“The Absolute Brightness of Leonard Pelkey” is a solo show featuring veteran actor Rich Hebert. He works mostly on the East Coast, but he’s appeared here in about a half dozen shows, including several at the Music Circus. I’ve learned to expect good things when I see Hebert’s name in the playbill. In this show, he plays an older cop from a smallish city on the Jersey Shore. As the play begins, the cop – recently retired -- recalls a notorious case he handled ten years earlier, which still haunts him.
“This is the case that put us on the MapQuest. It added to our Wikipedia entry. Got us Googled more than I can shake a stick. And what did we become known for? That’s right, evil.”
The case involved a teenager named Leonard Pelkey – a kid marching to a different drummer, artistically inclined, sensitive, a budding actor, with an endearing habit of creating one-of-a-kind apparel for himself and others.
"He bought a half dozen pair of flip-flops down at Dollar Bob’s.
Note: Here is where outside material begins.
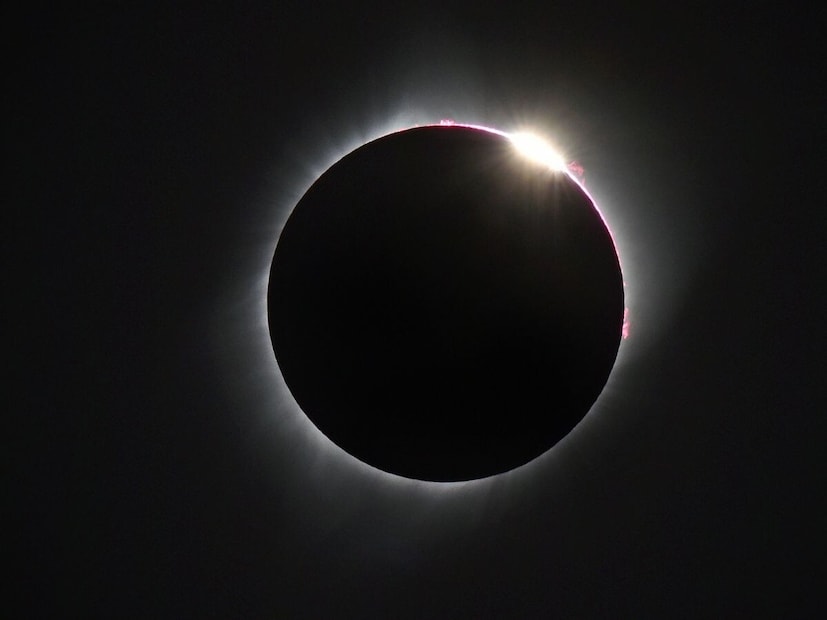 शास्त्रज्ञांसाठी हे ग्रहण का महत्त्वाचे आहे - प्रखरतेमुळे सूर्याच्या कडांचे थेट निरीक्षण करणे खूप कठीण असते. ग्रहणाच्या वेळी, जेव्हा सूर्य अस्पष्ट असतो, तेव्हा शास्त्रज्ञ सहजपणे कडांचे फोटो घेऊ शकतात आणि त्याची रचना समजू शकतात. यामुळे सौर वारे, चुंबकीय क्षेत्रे आणि उपग्रह, संप्रेषण आणि अगदी अंतराळ प्रवासावर परिणाम करणाऱ्या अवकाशातील प्रक्रियांबद्दल माहिती मिळते. 2027 चे ग्रहण दीर्घ कालावधीने होत असल्यानं संशोधकांना सुवर्णसंधी असेल. 
(सूचना : येथे दिलेली माहिती ज्योतिषीय ज्ञानावर आधारित आहे. याला कोणताही शास्त्रीय पुरावा नाही. न्यूज 18 मराठी त्याची हमी देत नाही.)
He snipped off the bit that goes between your toes, and he glued each slab of flop to the bottom of a pair of Converse high-tops. He was so proud… I dunno, I told him, ‘You’re not actually planning on going outside with those things on your feet, are you?’ He said he was, he said it was a fashion statement. I said ‘In this town? People are bound to take one look at those sneakers, and see it as an invitation to chase you down the street with sticks!’ Did he listen to me? No.”
But one day, Leonard suddenly goes missing. A few days later, the cop gets a call from a lady who has found something.
“Gloria Salzano was a woman who lived in a big house, on the lake just outside of town. She had spotted a sneaker, floating in the lake. She made a call down to the station. The good news is that it was definitely one of Leonard’s sneakers. The bad news was Leonard wasn’t attached to it. Just to cover my bases, I made a call down to a couple of underwater divers down at the Atlantic City precinct. I had them search the bottom of the lake.”
The cop starts interviewing locals who spoke with Leonard in the days leading up to his disappearance. This gives actor Rich Hebert, who is quite versatile, a marvelous opportunity to serve up a kaleidoscopic gallery of different characters, both young and old, male and female, with different accents, attitudes and personalities. It becomes clear that many people knew Leonard, and liked him. It also becomes clear that Leonard’s singular lifestyle made him a target for local bullies.
Hebert is working from a script that gives him ample opportunity to show just how much he can do on stage. Watching this masterful actor at work is a treat, and he gives an outstanding performance, which is the main reason to see this very worthwhile show.
But I should also note in passing that this will be the final production in the B Street Theatre’s B3 Series, where they’ve mounted some of their most interesting work.
In a few months, the B Street will pack up and move to a new, more spacious venue, currently under construction. So this show marks the end of a chapter in the story of this popular theater company.
And with “The Absolute Brightness of Leonard Pelkey,” B Street is closing out the B3 series with a solid production I’ll recall fondly for years to come.
Actor Rich Hebert will be performing “The Absolute Brightness of Leonard Pelkey” at Sacramento’s B Street Theatre through September 9.